I fell on some ice and chipped my tooth. I wanted to repair it but my dentist said the best repair would be a crown. I know he’s not big on cosmetic dentistry, but I was hoping for something that wouldn’t grind the whole tooth. Aren’t there some cosmetic options?
I’m sure your dentist is a decent general dentist and is giving you the best service he can provide for you. Unfortunately, he not the best dentist for you in this particular situation. Yes, there are cosmetic solutions to this which are much simpler. The ideal one is much more affordable than a crown too.
However, I don’t recommend you force his hand on this. If he isn’t familiar and experienced in cosmetic dentistry you will not like the results you get. Many people use one dentist for their general dental work and one for their cosmetic work.
Fixing a Chipped Tooth
The standard repair for a chipped tooth is to have dental bonding done on it. This uses a composite resin that the dentist will sculpt onto the tooth freehand. It does require an artistic cosmetic dentist. As you don’t have one, I’m going to tell you how to find the best cosmetic dentist in your area.
I mean if you’re going to do a cosmetic procedure, you may as well go to the person who can not only do it well, they do an awesome job. My suggestion is you get an AACD accredited dentist. These dentists have gone through stringent oral and written exams as well as demonstrated their artistic ability on a large number of cases.
Any of them could not only fix your chipped tooth, but they could also give you a stunning smile makeover with porcelain veneers.
I was at a stag party. We were at a pub when one of the group got a little too drunk. He started trouble which ended up causing a fight. The result of which was my front tooth lost a piece and is now loose. I’m assuming I need an emergency dentist, but I’m broke. Will the dentist charge the fee to the moron who started all this?
I’m very sorry this happened to you. It’s hard when you’re trying to be responsible and the people around you cause problems. You’re right that this needs an emergency dentist. Your loose tooth needs to be splinted to stabilize it. There are several ways a dentist can do this. What method he or she uses will depend on what other issues your tooth is facing.
He’ll also want to examine it for trauma to the nerves or pulp. Internal damage could mean a root canal treatment and possible crown.
Once the tooth is secure, if there’s no other damage you can fix the broken piece with dental bonding. You don’t have to have the piece that broke. A skilled cosmetic dentist can sculpt a composite resin onto your tooth which will look just like your natural tooth structure and blend in perfectly.
Who Pays for Emergency Dental Care?
Unless the person responsible comes and agrees to pay for treatment, the dentist can’t bill him. He can only bill the person receiving the services or their legal guardian without prior approval. However, you can ask for a detailed bill of the damage and send the bill to the offender. If he has integrity he may just pay. If he doesn’t, you may have to take him to small claims court.
Just be aware, many dentists are willing to work with patients financially, especially those in emergency situations. Just talk to the dentist ahead of time. If he’s not willing to work with you, try Care Credit, though most dentists offer that in-office. It’s a medical credit card that has low and even no-interest payments.
My 15 year old son had a bicycle accident, which chipped his front two teeth. I was thinking about getting veneers put on his teeth, but when I took him to the dentist today, he said it was better to place crowns on the teeth. I thought it best to get a sort of second opinion, so I’m writing your blog.

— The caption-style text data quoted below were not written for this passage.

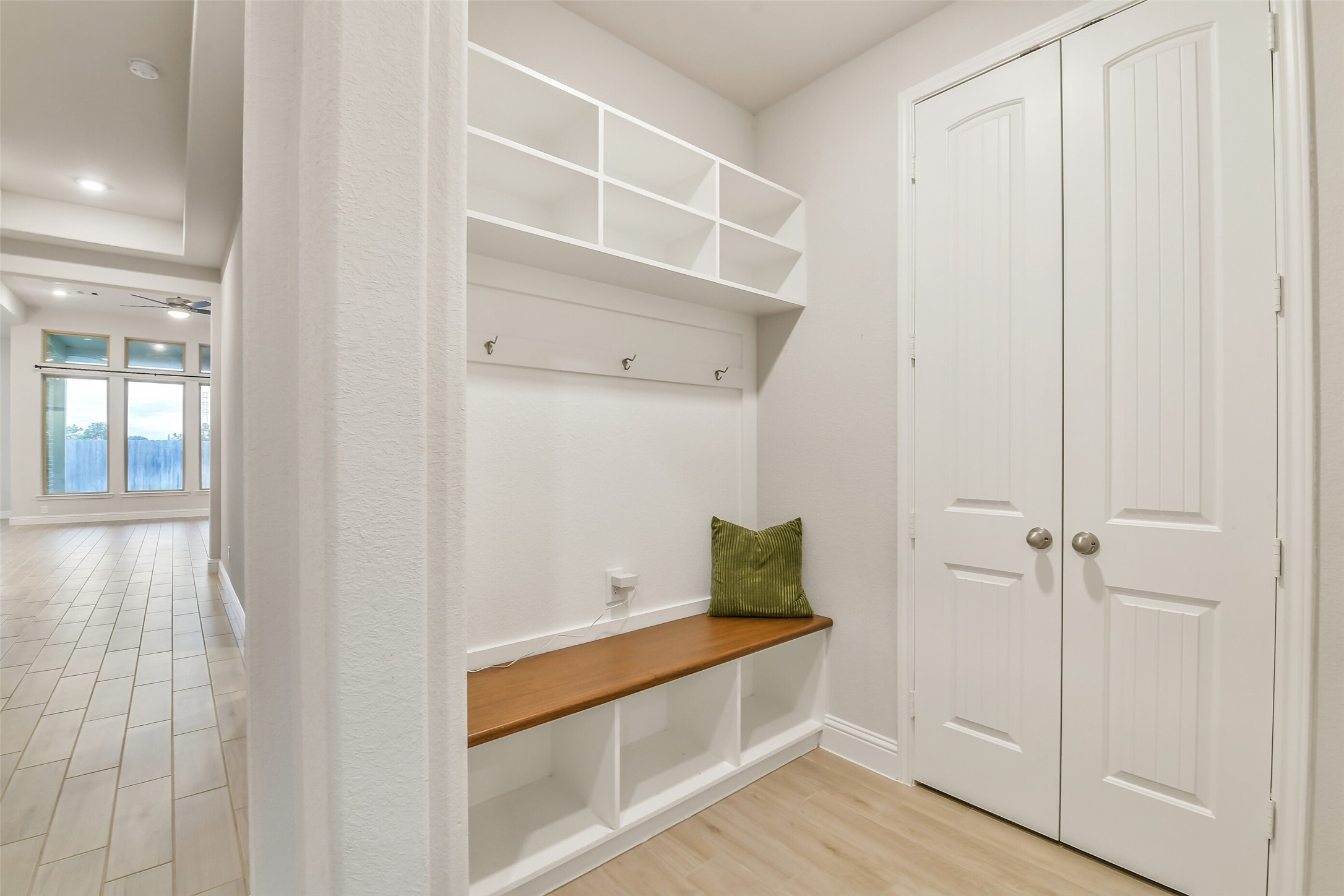 The mudroom with custom wood bench is conveniently located directly off the garage.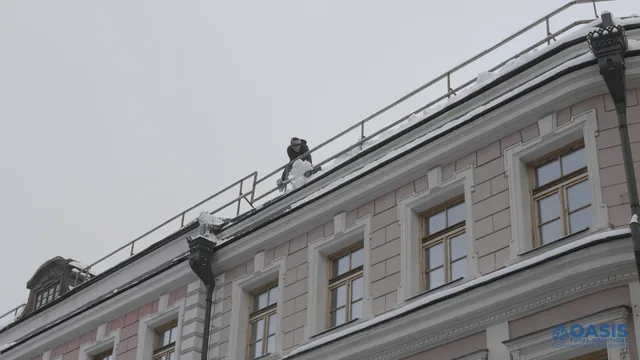 Worker removing snow from a rooftop edge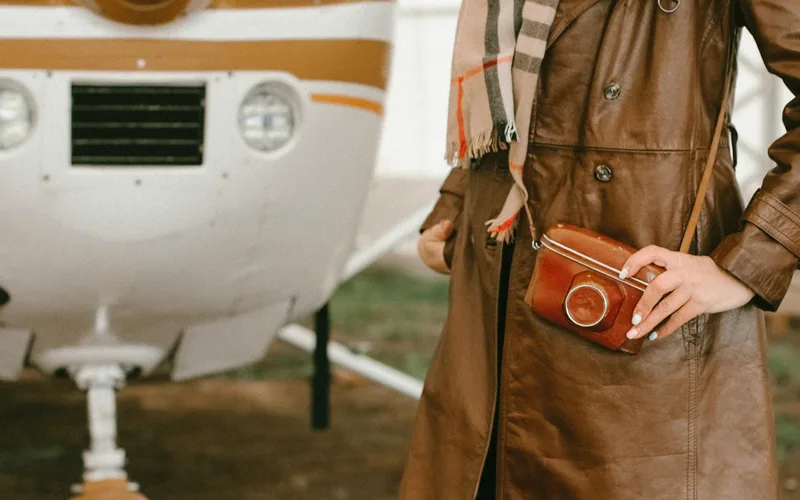 Stylish leather trench coat with cross body bag beside a small airplane outdoors.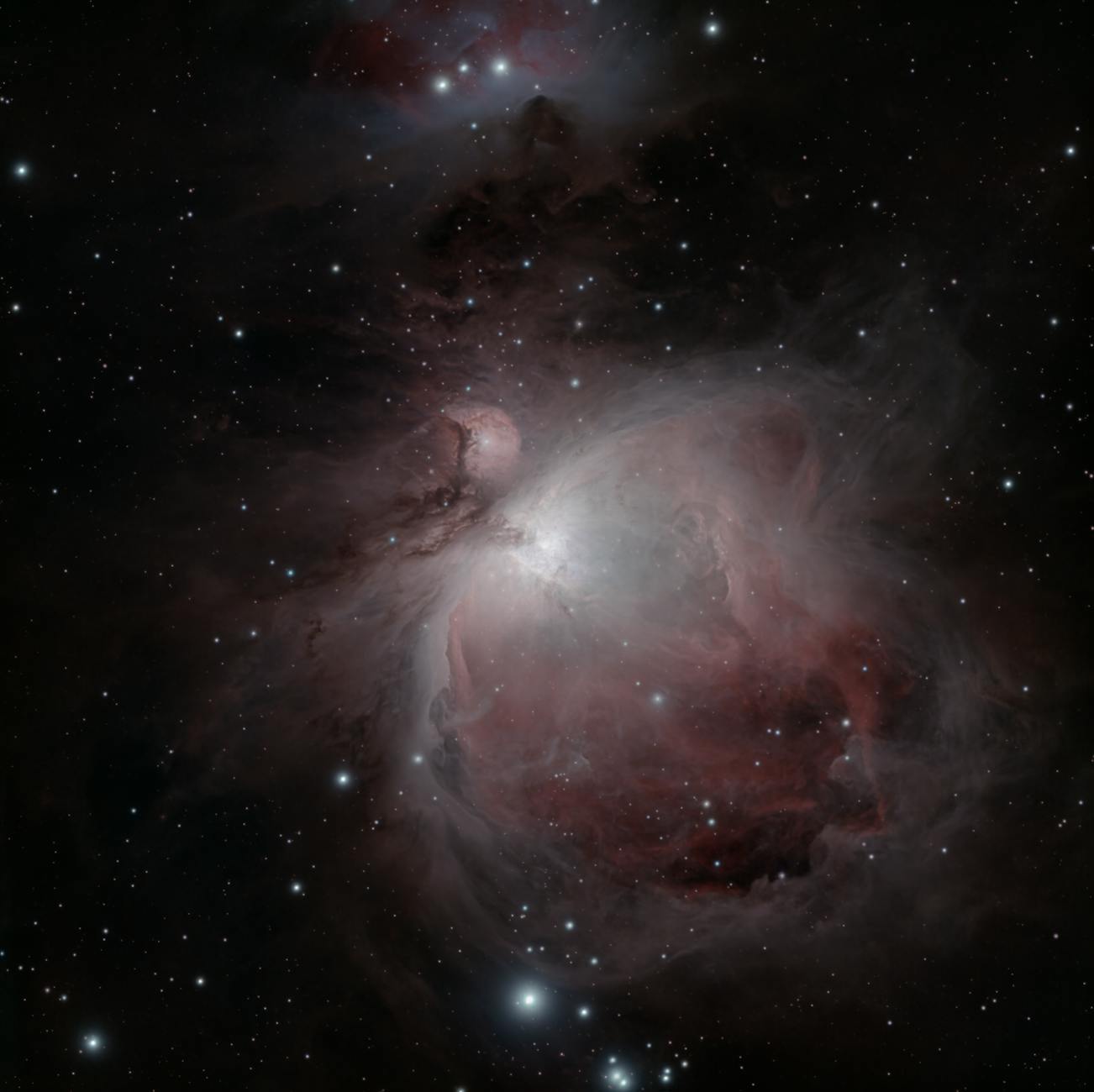 Stunning capture of the Orion Nebula (M42) with sparkling stars and vibrant emission clouds.
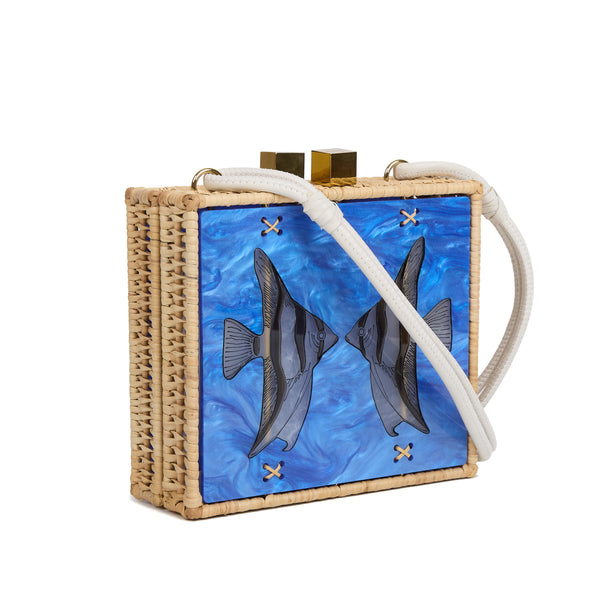 Bolsa quadrada estruturada em rattan com painel em acrílico marmorizado azul, estampa de dois peixes espelhados ao centro, fecho metálico dourado e alça longa em couro branco.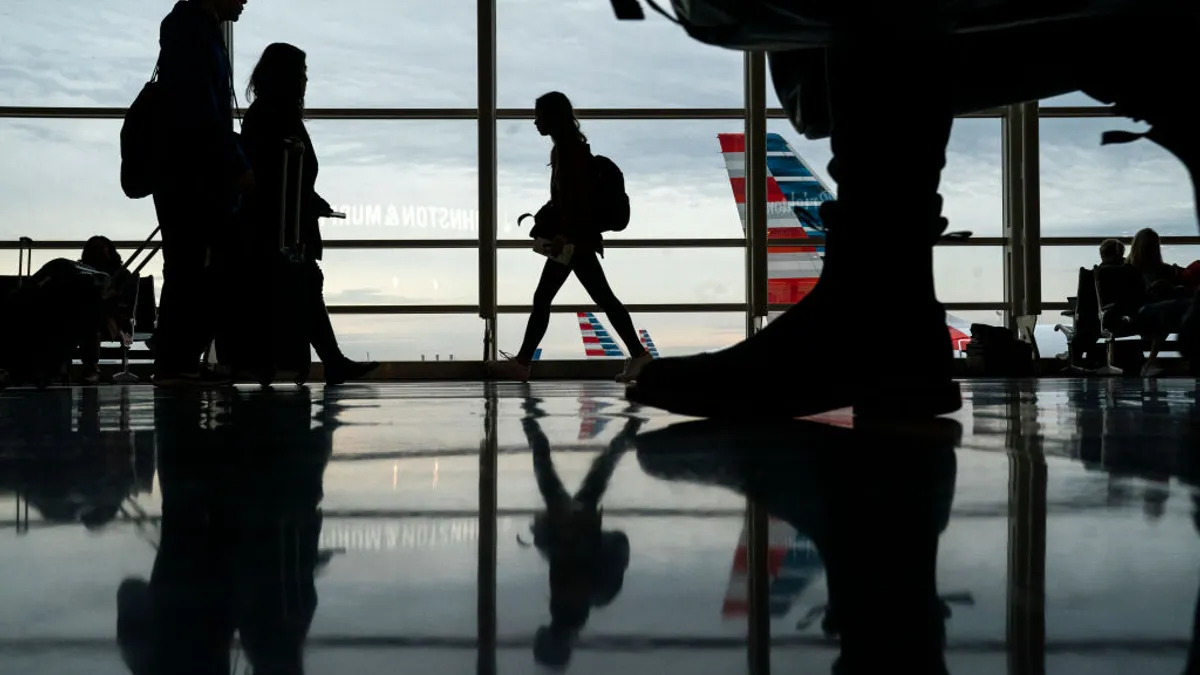 Silhouettes of travelers are seen in an airport terminal.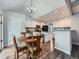 Eat-in kitchen featuring white cabinets, an island, stainless steel appliances, and a wooden dining table set at 19098 E Ida Dr, Aurora, CO 80015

My opinion is to not put crowns on his front teeth. Crowns will require his teeth be filed down to stubs. On a 15-year old, the teeth are very young with a large pulp inside. Since crowns require the removal of a considerable amount of tooth structure, there is a very real risk that the dentist would run into the pulp, which would kill the pulp and mean that the tooth would also need a root canal.
For something like chipped front teeth there are two more conservative options: The most conservative is dental bonding. Though if you have this done, you need to be sure that your dentist is artistic enough to do this work, because it involves shaping and tinting the restoration freehand. The advantage is that it wouldn’t require the removal of any additional tooth structure.
Another option would be porcelain veneers placed on his two front teeth. The dentist would shave off about half a millimeter of the enamel on the front of the each of these two front teeth and place porcelain veneers.
I suspect that your dentist recommended crowns because he is not comfortable with doing either direct dental bonding or porcelain veneers. They require specialized cosmetic dentistry techniques that most dentists aren’t familiar with. But I would definitely discourage doing the crowns on a fifteen-year old.